ウォン相場は中国の人民元価格と同調化現象を見せウォン安が続いている。中国がゼロコロナ政策を展開し景気鈍化に対する憂慮が高まると人民元価値も下落幅が大きくなっている。この日、香港金融市場で1ドルあたりの人民元価格は6.78元まで下がり、2020年10月以降最低水準を記録した。11日、中国で3位の不動産開発会社であるスナックチャイナが債権利子を支給できなかったというニュースが伝えられ中国経済に対する憂慮が高まった。新韓銀行のペク・ソクヒョンエコノミストは「中国が最大輸出国という側面から見ると中国不動産市場の異常兆候は韓国にも否定的影響を及ぼすほかはない」と説明した。

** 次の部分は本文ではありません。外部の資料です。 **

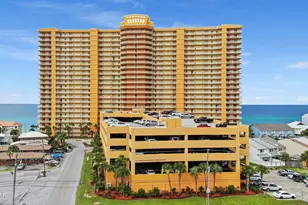 5004 S Thomas Dr, Panama City Beach, FL 32408 - Photo 52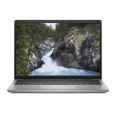 Dell Vostro 3440/i5-1334U/8GB/512GB SSD/14" FHD+/Intel UHD/FgrPr/3 Cell/65W/WLAN/Backlit Kb/W11 Pro/3Y ProSpt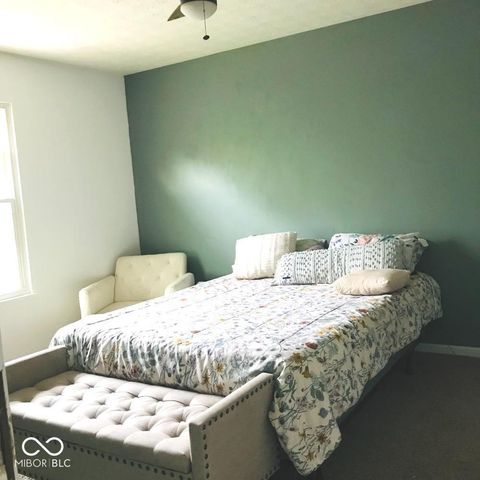 5309 Scatterwood Court, Indianapolis, IN 46221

政府が推進する補正予算の編成がウォン安を煽るだろうという見方も出ている。政府は、この日「33兆ウォン+α」規模の補正予算を編成するための臨時国務会議を開いた。今回の補正予算は「コロナ営業制限」で被害を受けた小商工人と自営業者に1人あたり少なくとも600万ウォンを支給するためのものだ。ただ、小商工人の損失補償額が一気に支給されれば市中通貨量が急激に増え、ウォンの価値がさらに下がるしかない。新韓銀行のソ・ジョンフン先任研究委員は「米国からの輸入インフレにより物価上昇率が高まっているが、補正予算まで加わると火事になった家に油を注ぐようなもの」とし「補正予算により通貨価値下落が続くほかはない」と分析した。

同日、外国為替市場は高い変動性を示したが、外国為替当局は口頭介入をしなかった。このような沈黙がウォン安に一役買ったという評価も出ている。ある金融界関係者は「ウォン貨の価格急落にもかかわらずメッセージが出てこなかったことについて市場参加者たちは政府交替過程の混乱と見ている」と伝えた。

ウォン安は5月に予定されている韓国銀行の金融通貨委員会会議にも影響を及ぼすものと見られる。米連邦準備制度がビッグステップ(基準金利0.5%ポイント引き上げ)を超え、ジャイアントステップ(0.75%ポイント引き上げ)を断行する可能性が提起されている中、韓国と基準金利の格差が縮まれば、ウォン安がさらに急激に進む恐れがあるためだ。ソ先任研究委員は「現在のウォン価値の動きと補正予算による物価上昇幅を勘案すると、今月開かれる韓国銀行(韓銀)の金融通貨委員会(金通委)で通貨政策に先制的に対応する必要性を感じるものと見られる」と説明した。